***** STUDY MATERIAL *****

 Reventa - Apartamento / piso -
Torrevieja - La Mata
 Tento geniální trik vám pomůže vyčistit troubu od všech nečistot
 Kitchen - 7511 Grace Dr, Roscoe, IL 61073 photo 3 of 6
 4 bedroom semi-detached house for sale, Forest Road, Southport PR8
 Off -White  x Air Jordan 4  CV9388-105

*****
***** STUDY MATERIAL *****

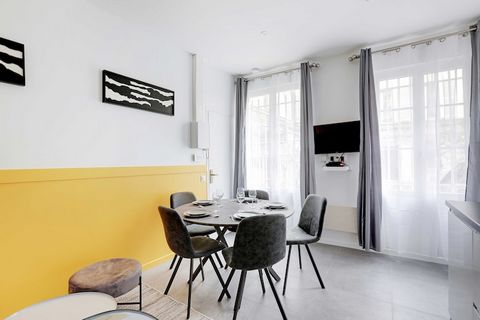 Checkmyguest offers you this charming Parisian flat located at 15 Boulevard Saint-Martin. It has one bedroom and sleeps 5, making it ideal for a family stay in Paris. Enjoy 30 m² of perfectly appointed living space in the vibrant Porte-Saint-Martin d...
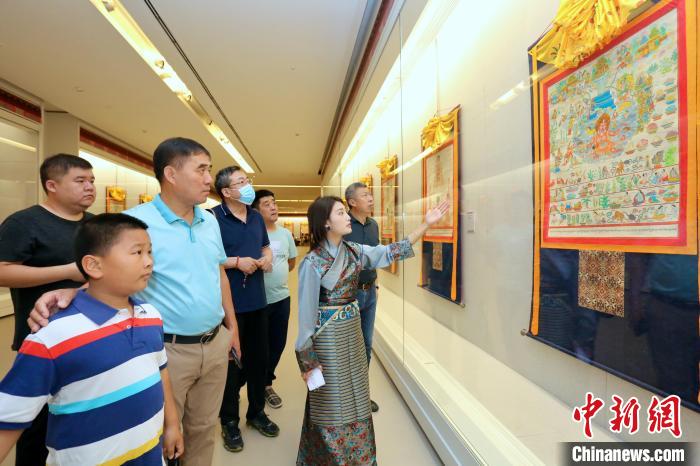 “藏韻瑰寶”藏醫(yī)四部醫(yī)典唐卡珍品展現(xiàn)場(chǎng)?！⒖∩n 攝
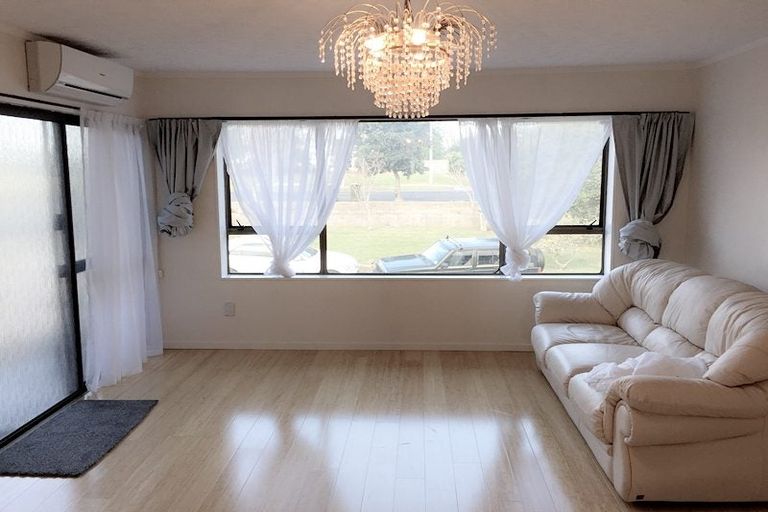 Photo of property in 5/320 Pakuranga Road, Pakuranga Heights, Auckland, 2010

*****

◆ TASK PROMPT ◆
Although pictures appear among the entries, please set down only the lines from the one with "Checkmyguest offers you" up to and including the one with "Photo of property", word for word.

◆ RESPONSE FOR THIS EXERCISE ◆
 Checkmyguest offers you this charming Parisian flat located at 15 Boulevard Saint-Martin. It has one bedroom and sleeps 5, making it ideal for a family stay in Paris. Enjoy 30 m² of perfectly appointed living space in the vibrant Porte-Saint-Martin d...
 “藏韻瑰寶”藏醫(yī)四部醫(yī)典唐卡珍品展現(xiàn)場(chǎng)?！⒖∩n 攝
 Photo of property in 5/320 Pakuranga Road, Pakuranga Heights, Auckland, 2010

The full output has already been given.